Violations of the Information Security Policy may result in harm to Revotas due to the lack of necessary controls against risks, and may also lead to criminal liability under the new Turkish Penal Code, as well as liability for compensation of financial damages. Therefore, such violations are also breaches of the Personnel Regulations and may result in disciplinary sanctions.

Violations of the Information Security Policy detected through oversight, audit, or reporting may lead to disciplinary measures ranging up to termination of employment, and even legal and criminal proceedings.

Working together in the implementation of this policy will help ensure the continuous protection of our information and reputation, and the sustainability of our business success.

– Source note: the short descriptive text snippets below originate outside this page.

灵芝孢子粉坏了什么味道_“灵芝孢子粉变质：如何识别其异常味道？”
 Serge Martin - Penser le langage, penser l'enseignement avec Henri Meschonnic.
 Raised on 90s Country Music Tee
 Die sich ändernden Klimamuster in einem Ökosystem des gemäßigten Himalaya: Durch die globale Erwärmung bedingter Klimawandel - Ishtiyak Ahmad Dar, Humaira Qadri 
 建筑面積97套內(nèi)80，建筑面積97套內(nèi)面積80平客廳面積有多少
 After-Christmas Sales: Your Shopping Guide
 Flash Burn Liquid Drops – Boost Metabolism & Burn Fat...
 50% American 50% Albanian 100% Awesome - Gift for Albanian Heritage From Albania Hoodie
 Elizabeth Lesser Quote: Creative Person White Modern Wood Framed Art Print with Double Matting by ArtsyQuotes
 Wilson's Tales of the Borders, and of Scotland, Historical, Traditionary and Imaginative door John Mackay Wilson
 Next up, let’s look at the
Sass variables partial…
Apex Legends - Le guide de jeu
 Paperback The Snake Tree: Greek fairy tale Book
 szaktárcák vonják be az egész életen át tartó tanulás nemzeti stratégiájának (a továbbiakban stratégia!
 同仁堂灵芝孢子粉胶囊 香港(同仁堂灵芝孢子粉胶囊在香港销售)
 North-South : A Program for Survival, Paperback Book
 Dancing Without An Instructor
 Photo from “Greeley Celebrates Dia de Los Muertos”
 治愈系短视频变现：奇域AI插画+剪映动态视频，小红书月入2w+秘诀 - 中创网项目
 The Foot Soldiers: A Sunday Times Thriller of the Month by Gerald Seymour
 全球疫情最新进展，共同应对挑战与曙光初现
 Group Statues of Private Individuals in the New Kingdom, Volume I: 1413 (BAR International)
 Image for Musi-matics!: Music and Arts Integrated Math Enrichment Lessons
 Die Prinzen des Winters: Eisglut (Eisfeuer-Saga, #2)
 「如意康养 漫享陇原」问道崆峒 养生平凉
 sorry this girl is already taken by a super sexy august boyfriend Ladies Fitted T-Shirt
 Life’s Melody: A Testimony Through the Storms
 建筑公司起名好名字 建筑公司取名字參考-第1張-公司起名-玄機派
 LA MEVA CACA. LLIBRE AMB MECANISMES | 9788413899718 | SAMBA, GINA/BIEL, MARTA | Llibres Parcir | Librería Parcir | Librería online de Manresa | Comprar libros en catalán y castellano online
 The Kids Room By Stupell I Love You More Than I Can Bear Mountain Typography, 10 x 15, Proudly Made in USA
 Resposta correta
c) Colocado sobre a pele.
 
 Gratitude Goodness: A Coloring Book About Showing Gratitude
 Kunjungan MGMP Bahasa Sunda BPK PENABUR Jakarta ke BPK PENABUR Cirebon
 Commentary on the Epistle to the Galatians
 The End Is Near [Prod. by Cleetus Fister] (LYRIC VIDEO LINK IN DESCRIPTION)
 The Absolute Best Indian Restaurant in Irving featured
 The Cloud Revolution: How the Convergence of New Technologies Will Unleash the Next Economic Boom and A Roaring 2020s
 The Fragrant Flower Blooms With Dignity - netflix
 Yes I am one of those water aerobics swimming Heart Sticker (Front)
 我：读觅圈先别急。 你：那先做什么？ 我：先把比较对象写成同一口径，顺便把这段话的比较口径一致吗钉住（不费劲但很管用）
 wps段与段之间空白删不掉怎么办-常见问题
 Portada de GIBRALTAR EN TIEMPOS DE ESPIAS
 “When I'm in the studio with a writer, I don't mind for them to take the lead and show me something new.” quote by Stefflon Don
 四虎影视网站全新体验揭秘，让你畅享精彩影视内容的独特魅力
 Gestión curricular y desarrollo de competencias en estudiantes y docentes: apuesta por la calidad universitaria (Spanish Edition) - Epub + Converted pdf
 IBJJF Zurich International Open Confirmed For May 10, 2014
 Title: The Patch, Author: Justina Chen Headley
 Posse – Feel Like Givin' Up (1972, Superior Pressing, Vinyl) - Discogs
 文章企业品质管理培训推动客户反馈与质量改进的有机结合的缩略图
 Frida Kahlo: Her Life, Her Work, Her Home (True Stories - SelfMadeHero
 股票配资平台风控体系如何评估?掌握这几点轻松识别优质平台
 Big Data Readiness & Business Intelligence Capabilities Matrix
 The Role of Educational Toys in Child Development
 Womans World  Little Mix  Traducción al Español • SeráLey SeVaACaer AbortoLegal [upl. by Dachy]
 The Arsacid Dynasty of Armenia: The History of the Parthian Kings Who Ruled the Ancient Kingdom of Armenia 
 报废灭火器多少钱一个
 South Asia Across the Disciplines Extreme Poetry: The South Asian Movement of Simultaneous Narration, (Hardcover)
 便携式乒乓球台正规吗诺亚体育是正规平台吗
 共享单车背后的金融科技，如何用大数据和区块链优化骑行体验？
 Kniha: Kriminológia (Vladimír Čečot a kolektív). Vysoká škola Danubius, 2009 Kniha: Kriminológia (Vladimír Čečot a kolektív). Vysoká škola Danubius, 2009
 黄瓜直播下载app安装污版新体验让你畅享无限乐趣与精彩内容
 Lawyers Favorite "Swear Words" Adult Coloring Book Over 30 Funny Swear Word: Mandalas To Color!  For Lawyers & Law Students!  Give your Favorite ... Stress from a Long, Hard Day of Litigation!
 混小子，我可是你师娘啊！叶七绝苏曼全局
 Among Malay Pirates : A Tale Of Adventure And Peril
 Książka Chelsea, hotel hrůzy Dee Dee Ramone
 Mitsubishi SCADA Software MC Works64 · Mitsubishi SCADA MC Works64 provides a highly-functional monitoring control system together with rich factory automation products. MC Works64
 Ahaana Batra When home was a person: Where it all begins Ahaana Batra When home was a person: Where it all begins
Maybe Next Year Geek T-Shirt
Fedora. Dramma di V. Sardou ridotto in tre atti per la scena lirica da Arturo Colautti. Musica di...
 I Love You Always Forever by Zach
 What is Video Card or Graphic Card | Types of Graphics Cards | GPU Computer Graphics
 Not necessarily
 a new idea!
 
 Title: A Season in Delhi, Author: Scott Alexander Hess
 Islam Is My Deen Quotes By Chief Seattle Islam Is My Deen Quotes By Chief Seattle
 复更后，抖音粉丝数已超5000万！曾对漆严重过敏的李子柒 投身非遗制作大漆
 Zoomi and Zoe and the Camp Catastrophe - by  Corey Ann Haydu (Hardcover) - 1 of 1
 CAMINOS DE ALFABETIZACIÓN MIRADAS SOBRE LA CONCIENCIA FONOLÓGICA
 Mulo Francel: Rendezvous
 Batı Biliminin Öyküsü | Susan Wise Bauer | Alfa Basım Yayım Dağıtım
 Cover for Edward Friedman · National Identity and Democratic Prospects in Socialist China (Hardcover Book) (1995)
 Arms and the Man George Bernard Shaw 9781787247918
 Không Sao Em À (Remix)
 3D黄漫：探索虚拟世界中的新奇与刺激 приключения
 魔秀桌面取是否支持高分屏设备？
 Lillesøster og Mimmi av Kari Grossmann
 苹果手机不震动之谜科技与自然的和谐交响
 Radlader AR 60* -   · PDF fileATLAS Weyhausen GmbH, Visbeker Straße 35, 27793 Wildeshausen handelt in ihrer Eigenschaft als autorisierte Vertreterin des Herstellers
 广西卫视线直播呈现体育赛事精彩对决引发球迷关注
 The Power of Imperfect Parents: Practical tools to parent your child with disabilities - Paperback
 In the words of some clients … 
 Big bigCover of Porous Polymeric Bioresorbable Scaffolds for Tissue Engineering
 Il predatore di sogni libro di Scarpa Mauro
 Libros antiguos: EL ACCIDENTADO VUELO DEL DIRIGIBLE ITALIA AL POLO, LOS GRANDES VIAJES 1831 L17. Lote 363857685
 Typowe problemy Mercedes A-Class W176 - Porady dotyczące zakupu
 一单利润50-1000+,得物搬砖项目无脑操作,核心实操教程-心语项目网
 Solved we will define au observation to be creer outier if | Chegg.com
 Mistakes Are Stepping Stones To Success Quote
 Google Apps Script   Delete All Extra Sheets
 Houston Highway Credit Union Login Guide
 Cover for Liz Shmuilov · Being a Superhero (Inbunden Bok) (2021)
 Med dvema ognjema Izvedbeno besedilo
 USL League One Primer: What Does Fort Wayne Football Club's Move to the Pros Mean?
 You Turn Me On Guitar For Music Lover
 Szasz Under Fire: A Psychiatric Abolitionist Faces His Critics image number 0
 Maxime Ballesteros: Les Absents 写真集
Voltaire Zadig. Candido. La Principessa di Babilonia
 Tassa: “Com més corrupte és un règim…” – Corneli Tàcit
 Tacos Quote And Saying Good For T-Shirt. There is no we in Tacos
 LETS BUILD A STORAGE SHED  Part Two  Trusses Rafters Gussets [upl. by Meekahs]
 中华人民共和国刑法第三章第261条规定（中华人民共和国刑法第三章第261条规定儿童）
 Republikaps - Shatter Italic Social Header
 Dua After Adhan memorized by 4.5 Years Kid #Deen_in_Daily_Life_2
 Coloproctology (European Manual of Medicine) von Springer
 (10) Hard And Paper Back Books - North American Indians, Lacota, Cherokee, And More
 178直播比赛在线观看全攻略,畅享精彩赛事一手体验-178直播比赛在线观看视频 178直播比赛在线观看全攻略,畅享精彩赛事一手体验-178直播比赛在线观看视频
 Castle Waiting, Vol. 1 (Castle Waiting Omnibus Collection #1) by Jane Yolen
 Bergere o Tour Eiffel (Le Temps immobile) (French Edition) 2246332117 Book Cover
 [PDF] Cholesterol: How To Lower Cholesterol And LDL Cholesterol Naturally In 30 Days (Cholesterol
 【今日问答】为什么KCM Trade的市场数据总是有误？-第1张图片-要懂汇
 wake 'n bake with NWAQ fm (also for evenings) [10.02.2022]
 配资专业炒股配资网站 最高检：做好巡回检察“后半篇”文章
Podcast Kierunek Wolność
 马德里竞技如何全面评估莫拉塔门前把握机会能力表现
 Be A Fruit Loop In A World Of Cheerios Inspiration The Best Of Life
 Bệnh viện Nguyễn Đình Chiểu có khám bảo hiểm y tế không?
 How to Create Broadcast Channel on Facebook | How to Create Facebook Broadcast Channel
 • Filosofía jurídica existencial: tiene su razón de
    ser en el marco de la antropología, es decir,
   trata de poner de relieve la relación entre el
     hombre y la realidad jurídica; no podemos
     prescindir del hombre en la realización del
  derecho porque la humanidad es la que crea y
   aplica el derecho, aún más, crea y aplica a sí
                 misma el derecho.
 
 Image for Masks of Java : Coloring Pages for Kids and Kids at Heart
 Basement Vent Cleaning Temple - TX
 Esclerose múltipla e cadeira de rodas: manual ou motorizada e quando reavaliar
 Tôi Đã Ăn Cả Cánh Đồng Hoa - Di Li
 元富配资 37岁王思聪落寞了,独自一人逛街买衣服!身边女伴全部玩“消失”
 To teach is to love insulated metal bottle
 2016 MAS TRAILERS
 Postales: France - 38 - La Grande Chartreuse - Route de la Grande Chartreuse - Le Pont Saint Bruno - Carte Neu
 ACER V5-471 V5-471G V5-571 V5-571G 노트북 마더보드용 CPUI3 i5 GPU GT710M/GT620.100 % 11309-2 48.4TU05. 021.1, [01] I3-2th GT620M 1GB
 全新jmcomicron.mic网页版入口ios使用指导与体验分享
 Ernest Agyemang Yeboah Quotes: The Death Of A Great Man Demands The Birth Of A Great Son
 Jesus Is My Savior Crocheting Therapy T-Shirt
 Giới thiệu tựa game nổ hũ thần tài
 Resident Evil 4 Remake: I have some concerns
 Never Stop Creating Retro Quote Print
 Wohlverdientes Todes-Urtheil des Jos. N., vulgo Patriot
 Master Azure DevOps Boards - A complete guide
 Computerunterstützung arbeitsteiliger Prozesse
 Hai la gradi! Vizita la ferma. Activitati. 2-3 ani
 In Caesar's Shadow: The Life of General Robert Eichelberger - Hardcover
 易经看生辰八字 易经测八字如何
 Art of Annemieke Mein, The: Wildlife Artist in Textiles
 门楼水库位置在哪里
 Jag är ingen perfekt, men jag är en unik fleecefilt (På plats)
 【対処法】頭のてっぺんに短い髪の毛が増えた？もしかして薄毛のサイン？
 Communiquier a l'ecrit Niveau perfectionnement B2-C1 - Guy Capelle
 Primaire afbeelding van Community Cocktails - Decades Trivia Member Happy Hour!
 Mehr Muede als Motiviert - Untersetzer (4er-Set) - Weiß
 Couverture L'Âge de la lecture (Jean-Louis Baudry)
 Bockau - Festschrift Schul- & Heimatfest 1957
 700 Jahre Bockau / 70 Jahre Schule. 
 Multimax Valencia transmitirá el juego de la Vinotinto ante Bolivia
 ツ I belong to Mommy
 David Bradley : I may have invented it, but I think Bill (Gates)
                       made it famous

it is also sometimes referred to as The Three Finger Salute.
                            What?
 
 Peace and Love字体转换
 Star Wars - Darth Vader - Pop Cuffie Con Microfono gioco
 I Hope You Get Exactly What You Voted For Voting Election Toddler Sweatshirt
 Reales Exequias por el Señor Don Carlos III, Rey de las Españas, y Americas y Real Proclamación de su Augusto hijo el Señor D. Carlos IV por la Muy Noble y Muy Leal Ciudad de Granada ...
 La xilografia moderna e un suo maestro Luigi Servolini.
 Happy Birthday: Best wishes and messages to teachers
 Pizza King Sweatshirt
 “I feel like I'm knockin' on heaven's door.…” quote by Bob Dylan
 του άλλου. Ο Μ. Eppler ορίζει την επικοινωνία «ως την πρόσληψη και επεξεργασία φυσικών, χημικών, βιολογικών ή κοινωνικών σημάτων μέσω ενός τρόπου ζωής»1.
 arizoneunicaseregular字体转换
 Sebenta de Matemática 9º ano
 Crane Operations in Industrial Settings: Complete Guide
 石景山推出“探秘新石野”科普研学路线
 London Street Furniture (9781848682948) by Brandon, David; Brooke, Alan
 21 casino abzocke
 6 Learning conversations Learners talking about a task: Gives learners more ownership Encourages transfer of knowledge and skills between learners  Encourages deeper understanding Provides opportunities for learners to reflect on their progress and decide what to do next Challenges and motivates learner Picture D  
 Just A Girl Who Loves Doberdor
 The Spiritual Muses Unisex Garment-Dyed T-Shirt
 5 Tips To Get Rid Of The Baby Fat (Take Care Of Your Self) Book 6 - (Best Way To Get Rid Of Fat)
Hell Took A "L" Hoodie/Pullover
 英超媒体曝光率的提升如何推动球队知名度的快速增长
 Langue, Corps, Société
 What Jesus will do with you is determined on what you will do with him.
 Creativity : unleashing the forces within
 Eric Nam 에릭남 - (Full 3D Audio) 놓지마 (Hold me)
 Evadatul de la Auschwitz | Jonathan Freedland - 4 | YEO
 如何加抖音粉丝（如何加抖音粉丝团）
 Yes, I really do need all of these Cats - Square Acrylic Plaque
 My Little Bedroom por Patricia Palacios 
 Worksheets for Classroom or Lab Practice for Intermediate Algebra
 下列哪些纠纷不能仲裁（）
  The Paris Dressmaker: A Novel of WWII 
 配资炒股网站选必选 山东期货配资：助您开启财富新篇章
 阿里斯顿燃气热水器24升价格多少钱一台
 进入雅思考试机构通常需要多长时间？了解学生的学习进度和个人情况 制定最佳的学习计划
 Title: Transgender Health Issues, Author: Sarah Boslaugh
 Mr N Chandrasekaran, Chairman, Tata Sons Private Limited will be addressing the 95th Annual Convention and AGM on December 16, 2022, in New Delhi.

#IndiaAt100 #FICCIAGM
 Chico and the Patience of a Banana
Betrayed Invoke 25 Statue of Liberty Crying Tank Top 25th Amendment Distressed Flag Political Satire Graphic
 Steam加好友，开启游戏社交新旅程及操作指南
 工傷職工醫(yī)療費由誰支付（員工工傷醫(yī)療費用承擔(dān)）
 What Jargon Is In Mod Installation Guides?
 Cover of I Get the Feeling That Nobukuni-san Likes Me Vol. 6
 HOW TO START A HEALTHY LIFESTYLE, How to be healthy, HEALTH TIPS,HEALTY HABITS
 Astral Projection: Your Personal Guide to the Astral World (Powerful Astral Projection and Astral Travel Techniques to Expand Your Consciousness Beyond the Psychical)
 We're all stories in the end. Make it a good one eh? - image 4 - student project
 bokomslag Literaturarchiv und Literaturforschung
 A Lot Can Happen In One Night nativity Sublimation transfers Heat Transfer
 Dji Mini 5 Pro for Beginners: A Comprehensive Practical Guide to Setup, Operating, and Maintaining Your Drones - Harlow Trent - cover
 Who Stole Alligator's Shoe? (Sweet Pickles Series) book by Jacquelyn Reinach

5. Information Security Policy

Revotas Information Security aims to protect corporate reputation, reliability, and information assets, and to ensure that core and supporting business activities continue with minimal disruption.

To this end, Revotas is committed to:

  • Protecting the information assets processed, stored, and shared with other organizations, in line with the principles of confidentiality, integrity, and availability,

  • Managing information assets, determining their security values, needs, and risks, and implementing controls against security risks through a management system that is continuously improved,

  • Identifying continuous improvement needs and opportunities through risk assessments related to activities, in alignment with the organization’s vision and mission,

  • Following technological developments and changes within the scope of provided services,

  • Ensuring business continuity by reducing the impact of information security risks,

  • Complying with national and international regulations, legal and regulatory requirements, contractual obligations, and corporate responsibilities towards internal and external stakeholders,

  • Possessing the competence to respond quickly to information security incidents and minimize their impact,

  • Maintaining and improving the level of information security over time with a cost-effective control infrastructure,

  • Enhancing the organization’s reputation and protecting it against negative impacts stemming from information security risks,

  • Protecting personal data in line with the Personal Data Protection Law,

  • Conducting training to raise employees’ awareness and competencies on information security, providing the necessary support, and becoming a leading example in the industry by integrating with other management systems.